• TASK BRIEF: Please repeat the lines below exactly. Begin with the line containing "Forever Link Focus-35" and go on through the line containing "A Hem Slit Cuffs Dress".

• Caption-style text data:
====
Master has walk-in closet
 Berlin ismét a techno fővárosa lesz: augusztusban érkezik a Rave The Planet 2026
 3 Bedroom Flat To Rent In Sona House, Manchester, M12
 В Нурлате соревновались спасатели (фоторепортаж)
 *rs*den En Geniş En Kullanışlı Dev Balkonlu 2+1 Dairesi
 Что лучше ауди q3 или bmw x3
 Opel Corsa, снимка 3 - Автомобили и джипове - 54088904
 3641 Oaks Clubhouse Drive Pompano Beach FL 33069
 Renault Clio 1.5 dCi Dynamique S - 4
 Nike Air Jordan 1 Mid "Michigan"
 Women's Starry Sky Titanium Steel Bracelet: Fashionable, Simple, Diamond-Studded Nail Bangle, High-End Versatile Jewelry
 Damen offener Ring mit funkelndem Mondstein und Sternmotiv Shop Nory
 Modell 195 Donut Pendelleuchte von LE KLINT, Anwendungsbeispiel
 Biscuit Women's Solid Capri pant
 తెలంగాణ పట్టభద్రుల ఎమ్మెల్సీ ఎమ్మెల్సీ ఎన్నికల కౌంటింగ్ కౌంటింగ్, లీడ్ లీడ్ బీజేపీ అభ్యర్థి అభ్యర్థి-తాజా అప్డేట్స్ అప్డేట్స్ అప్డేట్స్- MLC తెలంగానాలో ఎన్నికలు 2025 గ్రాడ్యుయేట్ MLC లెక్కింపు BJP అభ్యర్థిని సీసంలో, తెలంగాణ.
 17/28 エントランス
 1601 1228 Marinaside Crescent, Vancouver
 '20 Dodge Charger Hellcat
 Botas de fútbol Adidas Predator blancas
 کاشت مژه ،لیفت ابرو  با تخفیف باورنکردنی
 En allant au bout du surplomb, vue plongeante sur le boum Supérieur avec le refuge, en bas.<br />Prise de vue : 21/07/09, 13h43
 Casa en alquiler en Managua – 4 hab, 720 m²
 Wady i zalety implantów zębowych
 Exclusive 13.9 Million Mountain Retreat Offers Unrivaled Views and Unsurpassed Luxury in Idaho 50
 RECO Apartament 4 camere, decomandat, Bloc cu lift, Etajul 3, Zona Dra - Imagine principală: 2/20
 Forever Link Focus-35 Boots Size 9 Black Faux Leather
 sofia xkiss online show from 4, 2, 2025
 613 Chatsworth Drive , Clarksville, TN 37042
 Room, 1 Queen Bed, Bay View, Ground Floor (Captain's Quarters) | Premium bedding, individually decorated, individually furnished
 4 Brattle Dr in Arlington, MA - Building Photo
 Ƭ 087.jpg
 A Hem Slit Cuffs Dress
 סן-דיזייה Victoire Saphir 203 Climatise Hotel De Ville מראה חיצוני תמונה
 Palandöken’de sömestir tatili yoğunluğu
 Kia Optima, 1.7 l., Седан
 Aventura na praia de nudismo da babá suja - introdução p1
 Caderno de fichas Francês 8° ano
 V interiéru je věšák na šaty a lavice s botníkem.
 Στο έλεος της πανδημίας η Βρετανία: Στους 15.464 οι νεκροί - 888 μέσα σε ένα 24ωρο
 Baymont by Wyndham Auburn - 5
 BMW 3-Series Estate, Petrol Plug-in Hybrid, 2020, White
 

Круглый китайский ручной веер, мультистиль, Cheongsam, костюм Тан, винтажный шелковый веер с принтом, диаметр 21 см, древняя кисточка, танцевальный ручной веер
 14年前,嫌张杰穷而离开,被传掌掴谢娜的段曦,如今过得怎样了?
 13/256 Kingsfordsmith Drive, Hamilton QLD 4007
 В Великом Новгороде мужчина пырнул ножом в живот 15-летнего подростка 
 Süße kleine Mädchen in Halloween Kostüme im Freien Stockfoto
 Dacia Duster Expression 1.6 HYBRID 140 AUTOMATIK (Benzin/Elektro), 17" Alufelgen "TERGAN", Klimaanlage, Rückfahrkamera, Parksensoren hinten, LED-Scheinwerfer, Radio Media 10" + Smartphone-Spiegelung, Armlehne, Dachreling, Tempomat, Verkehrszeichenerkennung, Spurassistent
====
• EXPECTED ANSWER:
 Forever Link Focus-35 Boots Size 9 Black Faux Leather
 sofia xkiss online show from 4, 2, 2025
 613 Chatsworth Drive , Clarksville, TN 37042
 Room, 1 Queen Bed, Bay View, Ground Floor (Captain's Quarters) | Premium bedding, individually decorated, individually furnished
 4 Brattle Dr in Arlington, MA - Building Photo
 Ƭ 087.jpg
 A Hem Slit Cuffs Dress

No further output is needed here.